On March 11, 2015, the Company entered into a 2015 Securities Purchase Agreement (the "2015 Securities Purchase Agreement") with Battery Ventures IX, L.P. and Battery Investment Partners IX, LLC (collectively, "Battery"), New Enterprise Associates 14, Limited Partnership ("NEA"), Joel Ackerman, Chief Executive Officer and a director of the Company ("Ackerman"), Dr. Ronnie Morris, President and a director of the Company ("Morris"), Daniel Mendelson, a director of the Company ("Mendelson") and certain other investors (collectively with Battery, NEA, Ackerman, Morris and Mendelson, the "Investors"), for the sale to the Investors of units, each unit consisting of one share of the Company's Common Stock, par value $0.001 per share (the "Common Stock") and a warrant to buy 0.55 shares of Common Stock at $0.48 per share (the "Warrants"), at a purchase price of $0.40 per unit, for an aggregate of $14,000,000. The Warrants expire five years after the closing date. Ackerman and Morris converted convertible promissory notes dated December 1, 2014 in the principal amounts of $1 million each, plus accrued interest, into the units at a 5% discount, pursuant to the terms of the convertible promissory notes.
The Investors have the right to require the Company to repurchase the purchased shares (the "Put Option") for cash for $0.40 per share upon a change of control or sale or exclusive license of substantially all of the Company's assets only if approved by the Company's board of directors. The Put Option will terminate upon the achievement of certain financial and other milestones.
The Investors have certain participation rights with respect to future financings of the Company. The Company covenanted to register the resale of the shares of Common Stock to be issued to the Investors and the shares of Common Stock issuable upon exercise of the Warrants pursuant to a 2015 Amended and Restated Registration Rights Agreement, to pay certain liquidated damages if the Company fails to file such registration statement by a certain deadline, and to have it declared effective by a certain deadline or keep it effective for a certain period of time.
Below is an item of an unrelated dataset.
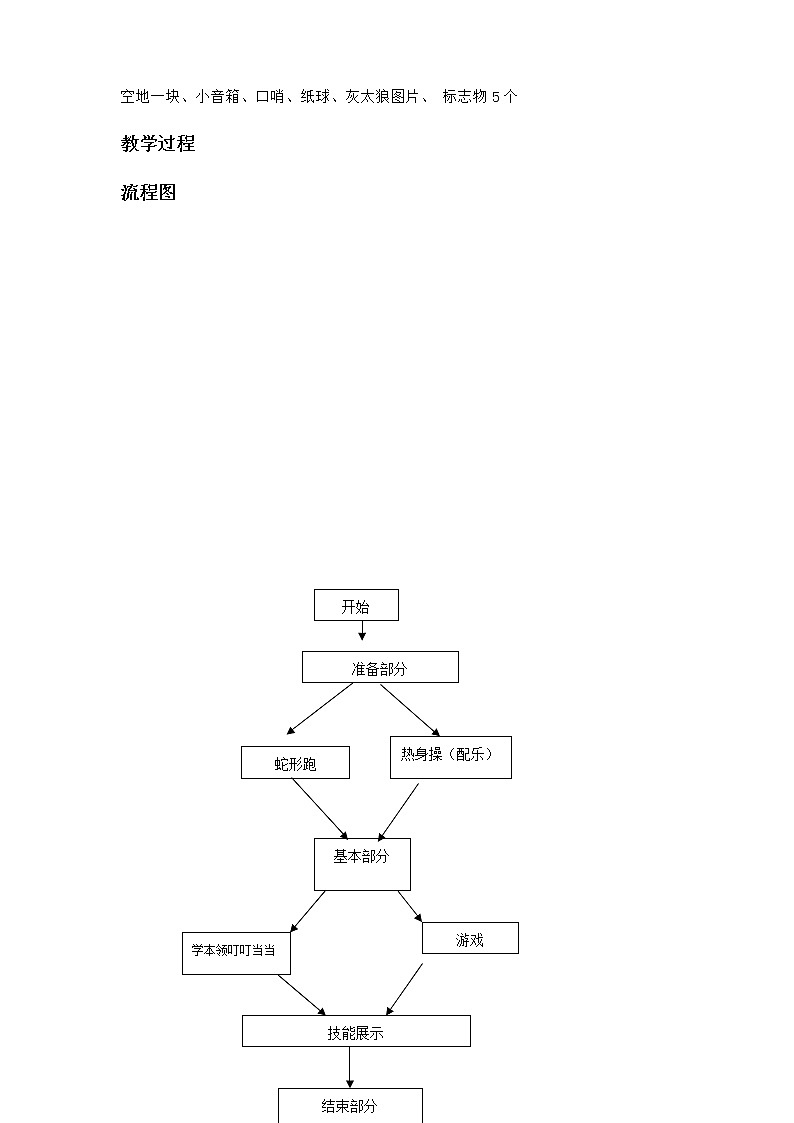 体育与健康(1-2年级)第4节《投掷与游戏》word公开课教案第3页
The issuance of the shares of Common Stock resulted in the Company issuing an additional 1,865,853 shares of Common Stock to investors who purchased shares of Common Stock pursuant to a Securities Purchase Agreement dated as of March 24, 2011 (the "2011 Securities Purchase Agreement") due to contractual antidilution provisions in that 2011 Securities Purchase Agreement. The Company also amended and restated the 2011 Securities Purchase Agreement to eliminate these antidilution provisions going forward, and conform aspects of the put option in that 2011 Securities Purchase Agreement to terms of the Put Option in the 2015 Securities Purchase Agreement. The Company also issued an additional 1,583,335 warrants to its investors under the 2011 Warrant Agreements under the Securities Purchase Agreement and had its investors agree on certain amendments of the warrants to eliminate the antidilution rights for future transactions, by extending the term of the warrants by one year, and revising the exercise price to $0.40.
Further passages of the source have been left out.